╭─ RECORDED DATA
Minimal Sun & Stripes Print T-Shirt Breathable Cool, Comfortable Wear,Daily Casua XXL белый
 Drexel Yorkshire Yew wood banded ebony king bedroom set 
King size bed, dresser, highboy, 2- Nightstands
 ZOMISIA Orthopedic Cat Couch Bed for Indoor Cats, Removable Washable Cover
╰─
_TASK TO CARRY OUT:_ Write out the data exactly as it stands.

_ANSWER TO THIS EXERCISE:_
Minimal Sun & Stripes Print T-Shirt Breathable Cool, Comfortable Wear,Daily Casua XXL белый
 Drexel Yorkshire Yew wood banded ebony king bedroom set 
King size bed, dresser, highboy, 2- Nightstands
 ZOMISIA Orthopedic Cat Couch Bed for Indoor Cats, Removable Washable Cover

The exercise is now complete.